But it was not easy for everybody to obey this command. The wet decks were now covered with a thin surface of ice, and those who had been standing still for a few moments found it difficult to release their shoes from the flooring of the deck, while several of the men slipped down as they made their way to the forward hatch. As for Sarah Block, she found it impossible to move at all. Her shoes were of a peculiar kind, the soles being formed of thick felt, and these, having been soaked with water, had frozen firmly to the deck. She tried to make a step and almost fell over.

“Heavens and earth!” she screamed; “don't let this boat go down and leave me standing outside!”

Her husband and two men tried to release her, but they could not disengage her shoes from the deck; so Sammy was obliged to loosen her shoe-strings, and then he and another man lifted her out of her shoes and carried her to the hatchway, whence she very speedily hurried below.
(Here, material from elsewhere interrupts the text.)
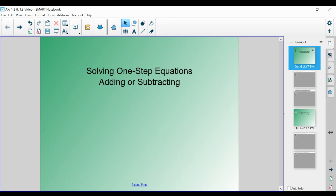Welcome back. Today we are going to be talking about how to solve one-step equations. In the first half of this video, we're going to be talking about how to solve by adding or subtracting. In the second half, we're going to be talking about how to solve by multiplying or dividing. So please have out your guided notes that correspond to these sections, and let's begin.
Everybody was now inside the vessel, the hatches were tightly closed, and the Dipsey began to sink. When she had descended to the comparatively temperate depths of the sea, and her people found themselves in her warm and well-lighted compartments, there was a general disposition to go about and shake hands with each other. Some of them even sang little snatches of songs, so relieved were they to get down out of that horrible upper air.
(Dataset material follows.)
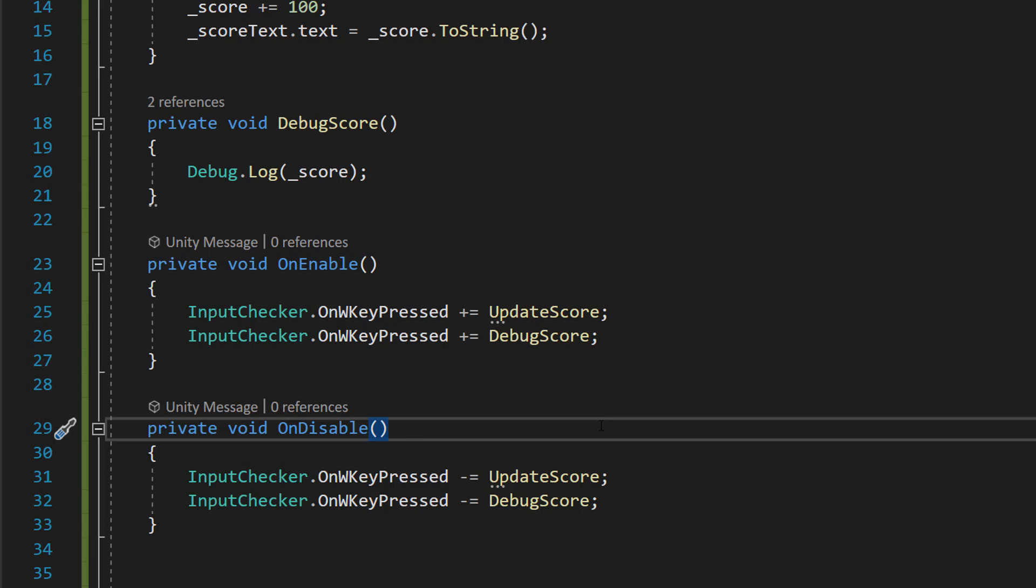Basically, if we do this, let's say we disable this game object or destroy this game object without unsubscribing, we're still going to be subscribed. But when we call the event, the functions that we have subscribed won't occur because technically they don't exist anymore because they're either disabled or destroyed. And so you'll get an error.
“Of course I shall never see my shoes again,” said Mrs. Block; “and they were mighty comfortable ones, too. I suppose, when they have been down here awhile in this water, which must be almost lukewarmish compared to what it is on top, they will melt loose and float up; and then, Sammy, suppose they lodge on some of that ice and get frozen for a thousand years! Good gracious! It sets me all of a creep to think of that happenin' to my shoes, that I have been wearin' every day! Don't you want a cup of tea?”
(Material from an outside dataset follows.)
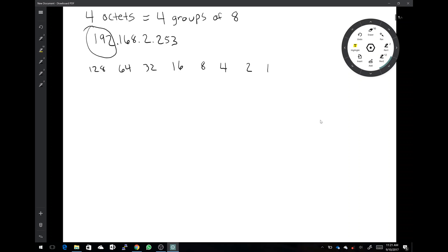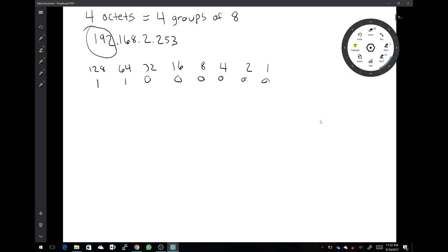To find a number in binary, start on the left side and go to the right, filling in the numbers. So with the values 1, 2, 4, 8, 16, 32, 64, 128 written out — 128 definitely goes into 192, so we activate that with a one. Then 64: 64 plus 128 equals 192 exactly. So we put a one there, and none of the others apply, so we put zeros underneath all of those. The binary number for 192 is 1 1 0 0 0 0 0 0.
“It's a great pity,” thought Sammy to himself, “that it wasn't that Pole that had his feet frozen to the deck. The rest of us might have been lucky enough not to have noticed him as the boat went down.”

“We ought to get a name for that body of water up there,” said Mr. Gibbs, as he was writing out his report of the day's adventures. “Shall we call it 'Lake Clewe'?”

“Oh, don't do that!” exclaimed Sammy Block. “Mr. Clewe's too good a man to have his name tacked on to that hole. If you want to name it, why don't you call it 'Lake Shiver'?”

“That is a good name,” answered Mr. Gibbs; and so it was called.